The Micronesian resolution is the most recent and largest example to date, of a growing realization that sharks, of which a third of all species are headed towards extinction, are in serious trouble. Last month, the Association of Pacific Island Legislatures (APIL), a body comprised of lawmakers from across the Western and Central Pacific, requested all member nations to "adopt legislation for a unified regional ban prohibiting the possession, selling, offering for sale, trading, or distribution of shark fins, rays, and ray parts."

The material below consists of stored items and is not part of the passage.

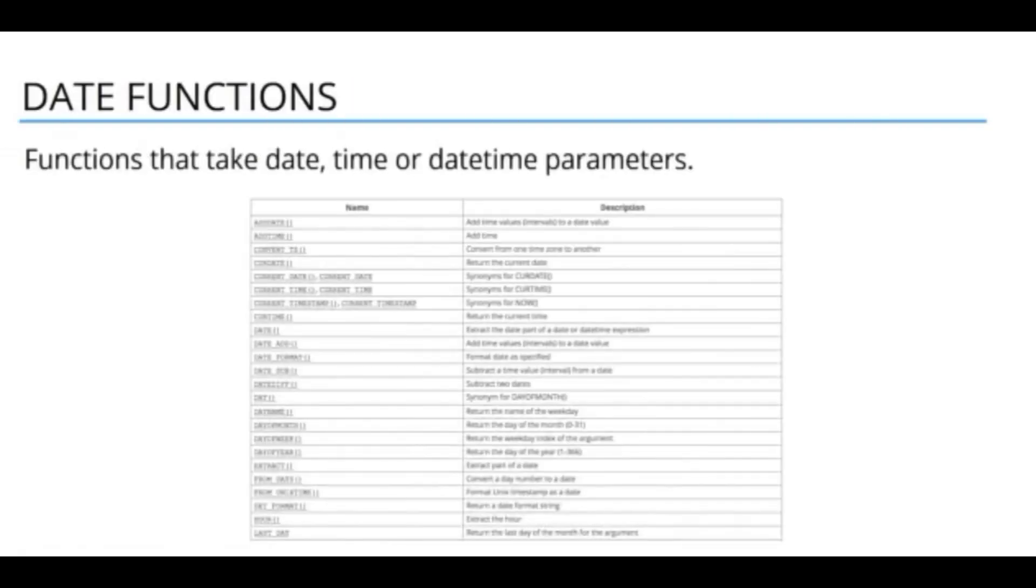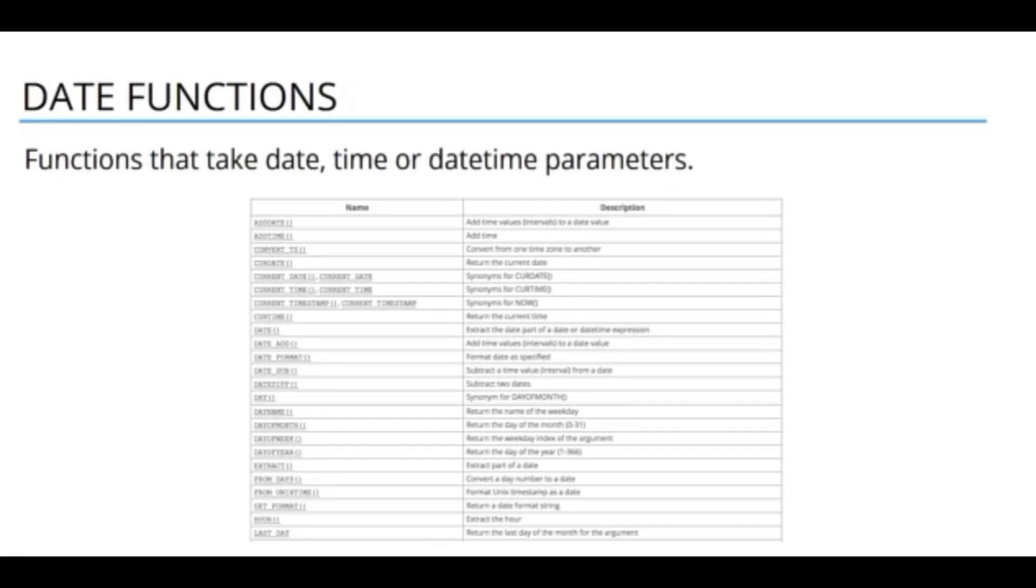Date functions take in date, time, or date-time parameters and return a value. Again, you can see there are many date functions in MySQL, and from this picture, that's only about half the number of date functions in MySQL. But we're only going to look at the most useful ones in this section.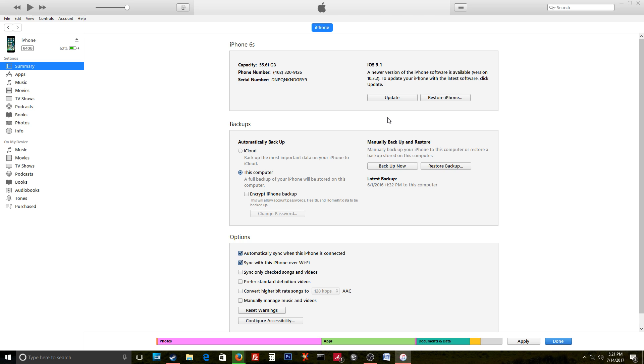One thing I haven't done is tried to push the update in like if I'm on iOS 9—I'm on a 6s—I've never tried to push that current iOS into my phone again or not. I have never tried that.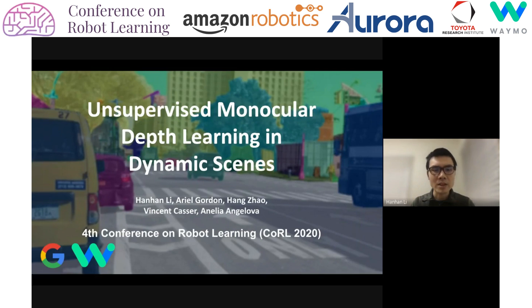Hello everyone, this is Han Han Li. I'm presenting our paper, Unsupervised Monocular Depth Learning in Dynamic Scenes.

In June and July, Honduras and the Bahamas joined Palau and the Maldives in creating shark sanctuaries. These nations have come to realize that shark tourism is far more profitable than killing the animals for their fins. One year later, the Marshall Islands instituted a shark fishing moratorium after reports of unregulated activity in its waters.

"The world must rise with us to protect our oceans and our environment," said Johnson Toribiong, President of the Republic of Palau. "That is the moral obligation of this generation for the benefit of the next."

"This is a great accomplishment for all the advocates of global and regional shark conservation," said Benigno Fitial, Governor of the Commonwealth of the Northern Mariana Islands, which along with Guam already has banned trade in shark fins. "The protection of sharks will improve our ecosystem. Now we can have balance."

The Micronesian state of Pohnpei has also taken steps to ban the possession, sale and trade of shark fins within its jurisdiction. "I am very thankful that the region has a common voice on sharks," said John Ehsa, Governor of Pohnpei. "Our State Government has pending legislation to save sharks, and I am in full support." The Pohnpei initiative is modeled after Hawaii's landmark shark fin ban which took effect July 1, 2010. That law, championed by Hawaii State Senator Clayton Hee, prohibits the sale, possession, or distribution of shark fins and fin products.

Senator Hee participated in the Micronesia summit to encourage the chief executives to continue their marine conservation efforts, particularly those focused on the protection of sharks and manta rays. "As native sons of the Pacific, the leaders of Micronesia have taken care of their mother by passing this historic resolution to save sharks," said Senator Hee.